Father Divine’s movement was not explicitly political. But in matters of civil rights he encouraged followers in picketing, petition drives, and letter-writing campaigns. In the 1930s his followers petitioned for an antilynching bill, gathering some 250,000 signatures. Father Divine led followers in hymns and prayers that combined a motivational tone with calls for political progress. When Mississippi senator and Ku Klux Klan member Theodore Bilbo filibustered antilynching legislation in 1938, Father Divine’s followers sang:

D-O-W-N, down with Bilboism! Down! Down! Down!

Up with Democracy! Let it flood city, village, and town;

Let it sweep through the country

And give its subjects the very Same Rights!

Let every woman, man, boy, and girl
,

Help Democracy’s banner to be unfurled
,

And clean out the Senate

Of all lynch-mob violent leaders;

And when they start to filibuster, don’t allow them to talk;

Just snatch them off the floor and send them for a walk!

For Democracy shall flourish in the land of the free
,

And its subjects shall have Life, Happiness, and Liberty!

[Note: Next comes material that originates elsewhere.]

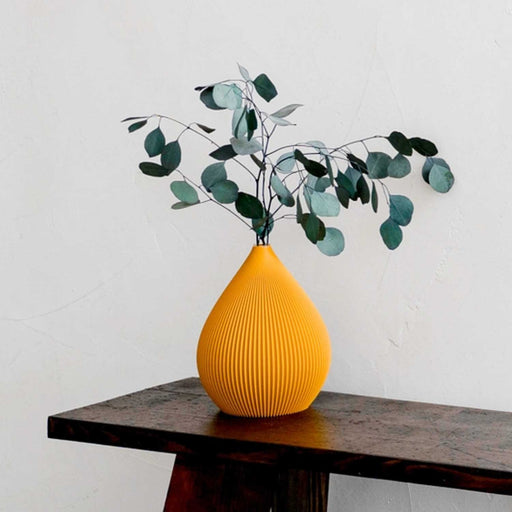 orange ridged teardrop shaped vase with green foliage on a wooden beanch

Some scholars came to see Father Divine’s organization as one of the precursors of the civil rights movement. Yet Father Divine often confounded journalists and critics with his claims to be God on earth and his encouraging of followers to “channel” his spirit for worldly success. Where outsiders saw audaciousness and megalomania, however, they missed the New Thought currents to which he belonged. Since the 1880s, Warren Felt Evans and Emma Curtis Hopkins had been telling of a “God-Self,” or a divine power within. Robert Collier wrote: “Mind is God. And the subconscious in us is our part of Divinity.” Father Divine saw positive thinking and, by extension, his own deific claims as a means of awakening followers to their holy inner-selves.

His methods could provide a startling uplift in an atmosphere of racial oppression. Scholar of religion Ronald Moran White noted that Father Divine’s practices “undeniably” resulted in “a certain restructuring of his followers’ attitudes toward themselves and the world.”

Law of Attraction

Even as New Thought’s most eloquent pioneers laid their hopes in a marriage of social reform and positive thinking, the link between mind-power and political protest showed signs of strain as the twentieth century progressed.

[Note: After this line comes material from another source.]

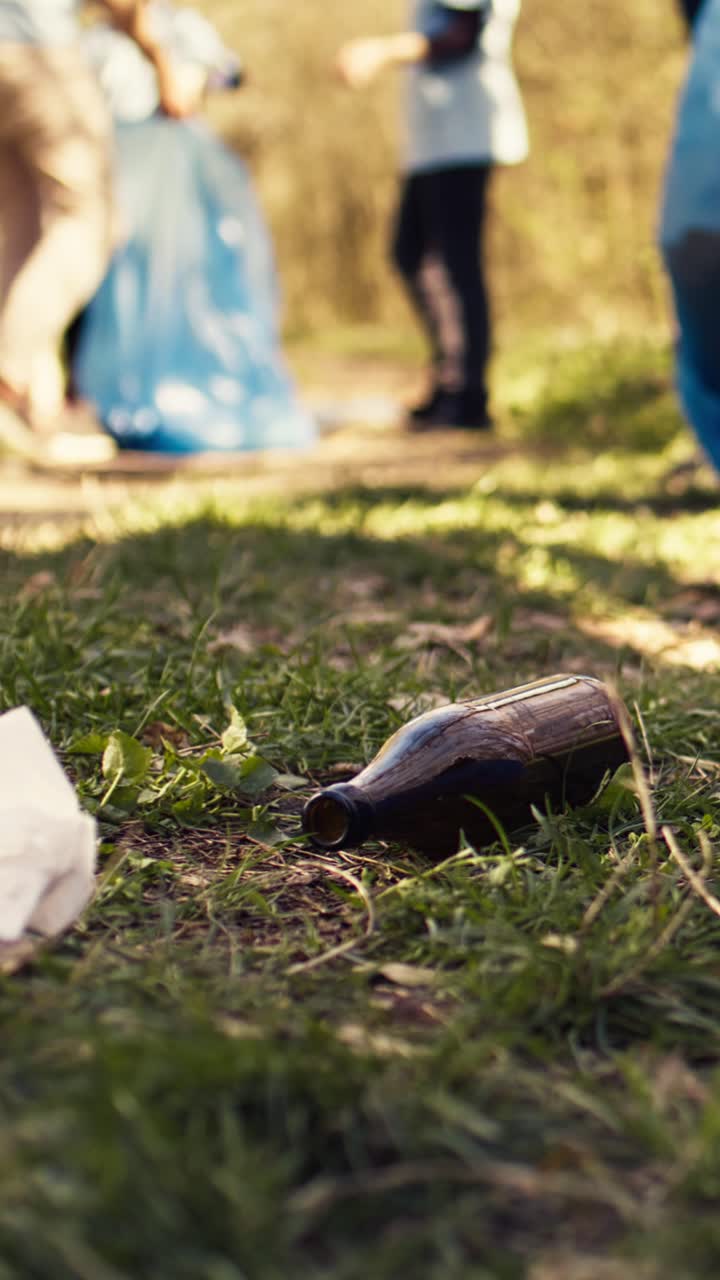 Close-up of Hands Picking Up Litter from Grassy Ground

Concurrent with the rise of the prosperity gospel, an alluring new phrase began circulating in New Thought circles:
Law of Attraction
. The phrase grew familiar to millions of people who otherwise had little direct knowledge of the mind-power movement. In future generations, Law of Attraction got repeated throughout
The Secret
, ultimately becoming a better-known term than New Thought.

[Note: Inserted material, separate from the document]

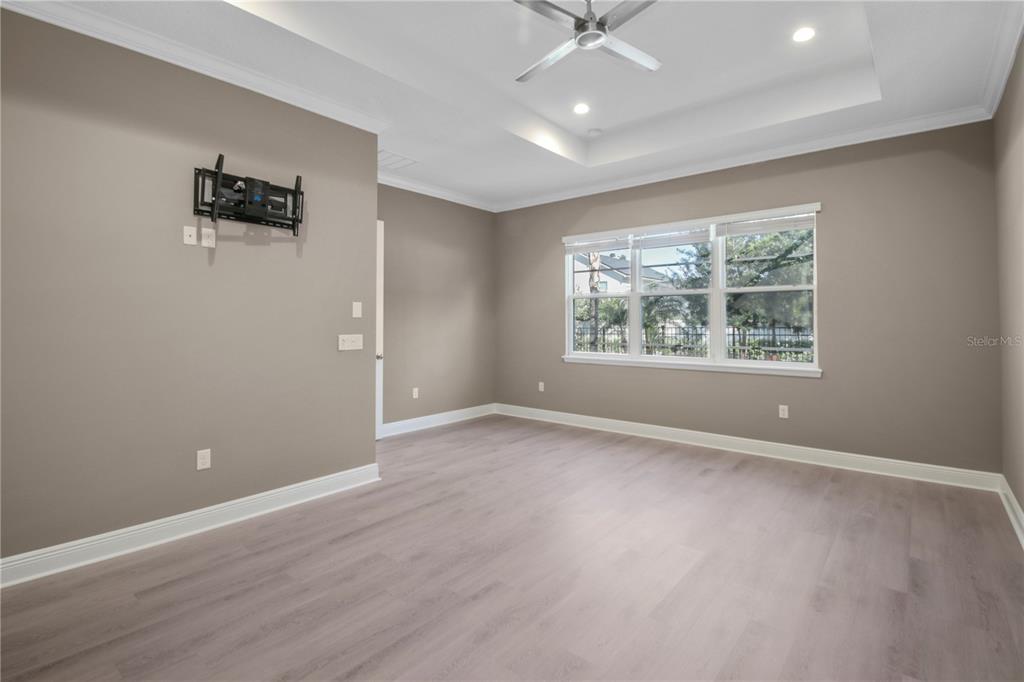 1427 Lake Florence Way Winter Park, FL 32792 - Photo 14 of 32 an empty room with windows and ceiling fan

The theory behind the Law of Attraction is that the mind is constantly
attracting circumstances to itself, and that through proper control of one’s thoughts, this ever-operative principle of attraction could be used to attain one’s desires—usually in the form of money, goods, or career advancement. As this concept caught on in the growing economy of the early twentieth century, many New Thought leaders began to place ever-greater emphasis on wealth building and individual advancement, while social concerns faded to a whisper. By the 1930s, the movement edged closer to what Charles Fillmore had once bemoaned: a spiritual school that viewed God largely as “a force of attraction.”

It wasn’t exactly that New Thought shed its liberal qualities. Sociologists Louis Schneider and Sanford M. Dornbusch made a broad survey of the inspirational and success books of the first half of the twentieth century and noted: “Racism and group-superiority themes are absent from the literature.” Indeed, New Thought organizations, much like Unitarian-Universalist congregations, represented a popular alternative for seekers who rejected, or felt pushed from, mainline faiths. Artists, actors, gay and lesbian seekers, and a wide range of freethinkers were all heavily represented in the New Thought culture, and remain so.

But the movement began to emphasize a more self-involved vision. Increasingly, New Thought framed the problems of life—especially financial problems—in the same manner as it once had framed health: Every thing depends on a person’s intimate arrangements with the Divine Power within. The only reality that matters is that which the individual creates for himself.